ArnoldWhatshisknickers · 05/11/2019 20:19

I would point out that mental health services have been a disaster for decades, under governments of all stripes. They are simply not a priority even for the most serious conditions.

Deliberately creating a mental health crisis, as gender ideologists are doing, on top of the long standing mental health crisis is unconscionable. It is one of the things I find most distasteful about them. One of an endless list of things.

BarbaraStrozzi · 05/11/2019 20:20

The analogy with elective C sections, even for maternal request and no other reason falls down because once you are pregnant the baby has to come out one way or another, and there is no risk free way of this happening that doesn't put you at some level of risk of ongoing morbidity - ask any woman whose pelvic floor has been comprehensively knackered by a vaginal birth and severe tearing.

Don't have a mastectomy... well, your breasts carry on as they were before, perfectly healthy parts of your body (regardless of any mental health conditions which might make you feel distressed by their existence).

ArnoldWhatshisknickers · 05/11/2019 20:33

Goosefoot I think Barbara has point on C-sections not being a great analogy. I'm pretty sure you are already aware of my opposition to cosmetic surgery generally, not just trans related, as we have discussed it before. I'm also aware you are in North America which has a different culture around child birth. I do find it worrying that some countries have way higher rates of elective C-sections than others but I'm not sure removing the option from mother's control is the best approach rather than providing better support for women before, during and after labour. It isn't a clear cut case in the way breast enlargements or facelifts are.

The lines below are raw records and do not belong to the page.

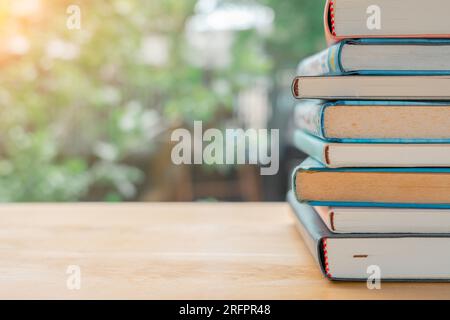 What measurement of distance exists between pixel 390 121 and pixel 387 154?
0.09 feet

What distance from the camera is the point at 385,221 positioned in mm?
464

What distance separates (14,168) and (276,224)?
10.2 feet

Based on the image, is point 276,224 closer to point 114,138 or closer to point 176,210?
point 176,210

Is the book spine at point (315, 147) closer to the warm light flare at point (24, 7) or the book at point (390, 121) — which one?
the book at point (390, 121)

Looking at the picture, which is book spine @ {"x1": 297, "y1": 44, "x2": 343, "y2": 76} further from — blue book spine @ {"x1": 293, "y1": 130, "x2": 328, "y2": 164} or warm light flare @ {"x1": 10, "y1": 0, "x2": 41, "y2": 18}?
warm light flare @ {"x1": 10, "y1": 0, "x2": 41, "y2": 18}

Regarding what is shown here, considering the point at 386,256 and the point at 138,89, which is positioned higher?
the point at 386,256

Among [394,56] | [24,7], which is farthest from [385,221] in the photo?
[24,7]

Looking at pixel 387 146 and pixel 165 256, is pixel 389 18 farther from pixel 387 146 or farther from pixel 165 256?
pixel 165 256

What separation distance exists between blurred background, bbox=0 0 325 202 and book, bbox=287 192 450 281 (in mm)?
3171

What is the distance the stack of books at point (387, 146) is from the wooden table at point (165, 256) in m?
0.03

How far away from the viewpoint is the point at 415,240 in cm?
46

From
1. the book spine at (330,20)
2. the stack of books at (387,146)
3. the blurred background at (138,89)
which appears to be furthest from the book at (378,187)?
the blurred background at (138,89)

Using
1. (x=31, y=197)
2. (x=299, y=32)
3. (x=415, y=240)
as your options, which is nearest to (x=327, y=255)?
(x=415, y=240)

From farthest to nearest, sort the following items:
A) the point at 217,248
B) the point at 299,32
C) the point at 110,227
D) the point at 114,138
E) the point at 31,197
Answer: the point at 299,32 → the point at 114,138 → the point at 31,197 → the point at 110,227 → the point at 217,248
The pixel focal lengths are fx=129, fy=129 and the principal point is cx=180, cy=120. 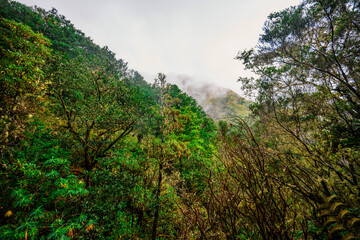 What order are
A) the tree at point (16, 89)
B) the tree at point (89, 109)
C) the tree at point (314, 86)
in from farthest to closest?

TheProdigalKittensReturn · 05/11/2019 21:50

Again with the "we", Goosefoot. Please stop assuming that. We as in the women here have varied views on C sections. It's still a bad analogy regardless of what those views are as, as Barbara said, a baby has to come out in some way regardless, but barring cancer there's no reason why breasts shouldn't stay as is - "do nothing" is and should be the default.

My friend has endometriosis and was prescribed something (can’t remember the medication - sorry) that starts a chemical menopause. She was told she wasn’t ‘special’ enough to keep getting it as it was too expensive - that was the word they used and she has it recorded. Y

WTF? It's bad enough that they're cutting services without using that sort of language towards patients.

I honestly think that if more resources were directed to mental health it would pay dividends in other areas. When people who would have been best served by mental health intervention end up in the regular medical system instead that's generally a worst case outcome from every perspective.